- What this task involves
Copy out the listing that follows exactly, dropping every picture.

- Source material
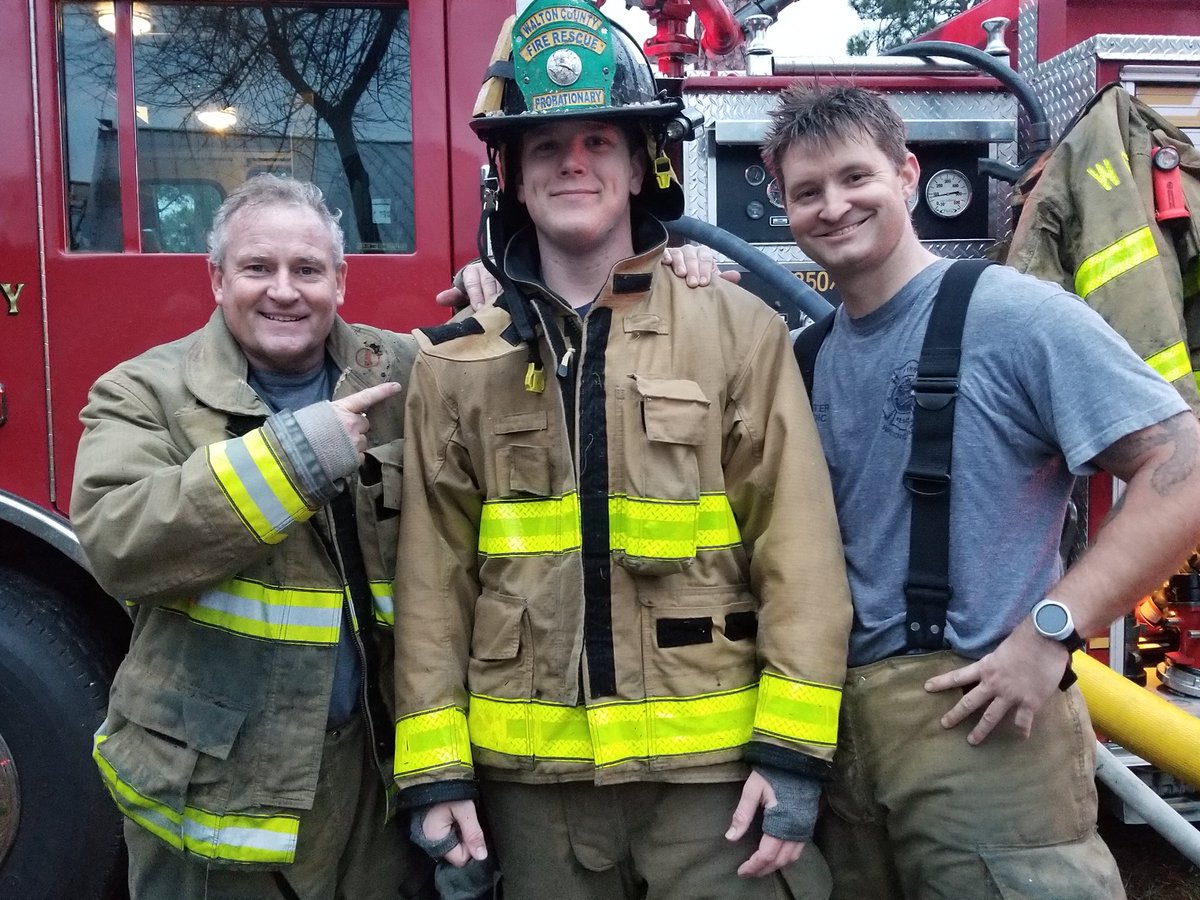 WCFRFL's tweet photo. Firefighter/EMT Brandon Justice masked up and knocked down his first fire last week. #WCFR #Proby #Firefighter #FirefighterStrong https://t.co/V1X0bKCAaC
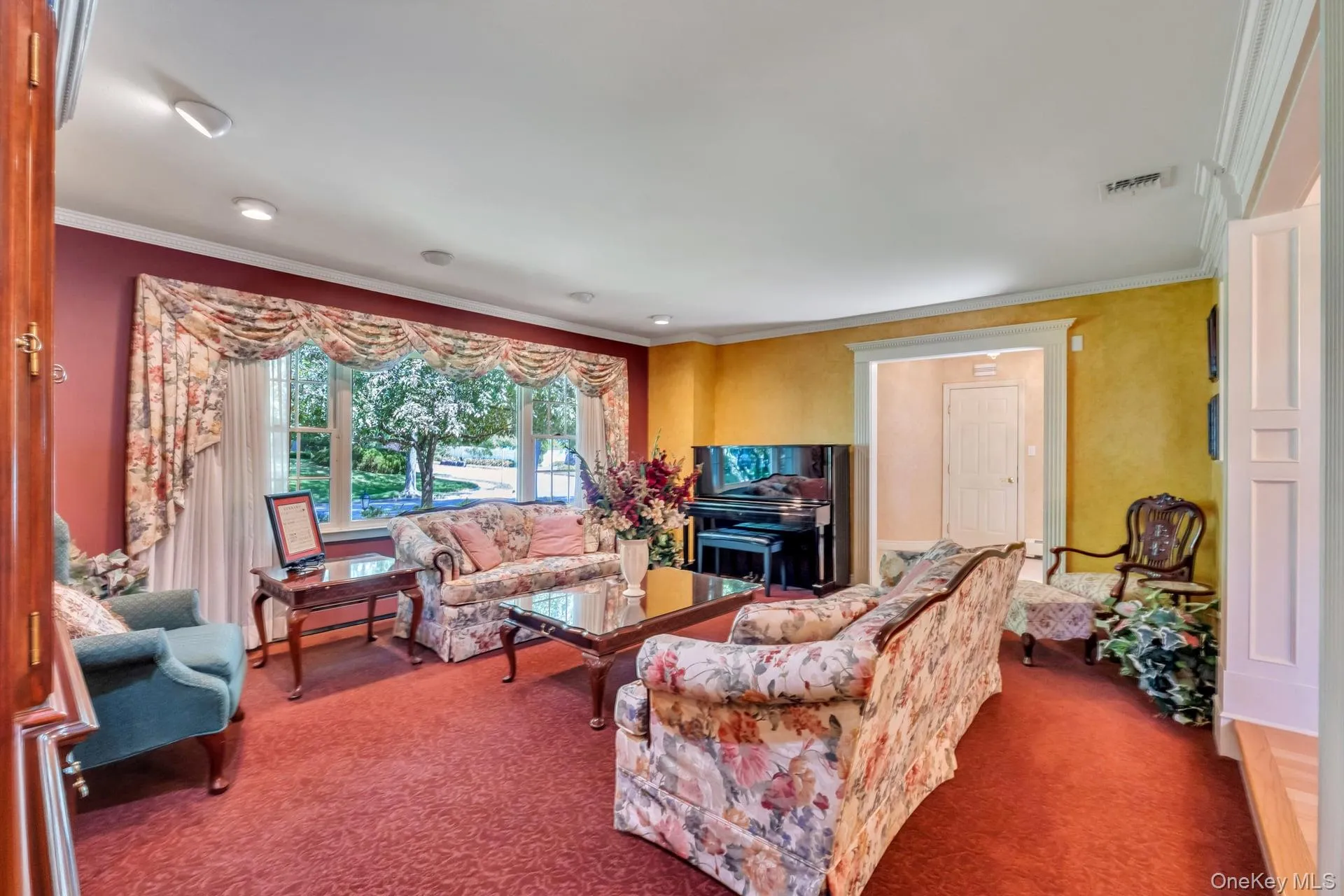 14 Kristi Lane, Smithtown, NY, 5 Bedrooms Bedrooms, 9 Rooms Rooms,3 BathroomsBathrooms,Residential,For Rent,Kristi,0,1007184 14 Kristi Lane, Smithtown, NY, 5 Bedrooms Bedrooms, 9 Rooms Rooms,3 BathroomsBathrooms,Residential,For Rent,Kristi,0,1007184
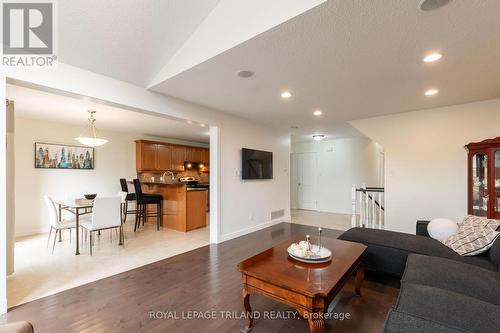 1361 Rosenberg Road, London, ON - Indoor Photo Showing Living Room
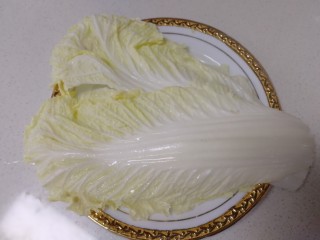 12、香菇滑鸡粥,白菜芯洗净。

- Response area
 WCFRFL's tweet photo. Firefighter/EMT Brandon Justice masked up and knocked down his first fire last week. #WCFR #Proby #Firefighter #FirefighterStrong https://t.co/V1X0bKCAaC
 14 Kristi Lane, Smithtown, NY, 5 Bedrooms Bedrooms, 9 Rooms Rooms,3 BathroomsBathrooms,Residential,For Rent,Kristi,0,1007184 14 Kristi Lane, Smithtown, NY, 5 Bedrooms Bedrooms, 9 Rooms Rooms,3 BathroomsBathrooms,Residential,For Rent,Kristi,0,1007184
 1361 Rosenberg Road, London, ON - Indoor Photo Showing Living Room
 12、香菇滑鸡粥,白菜芯洗净。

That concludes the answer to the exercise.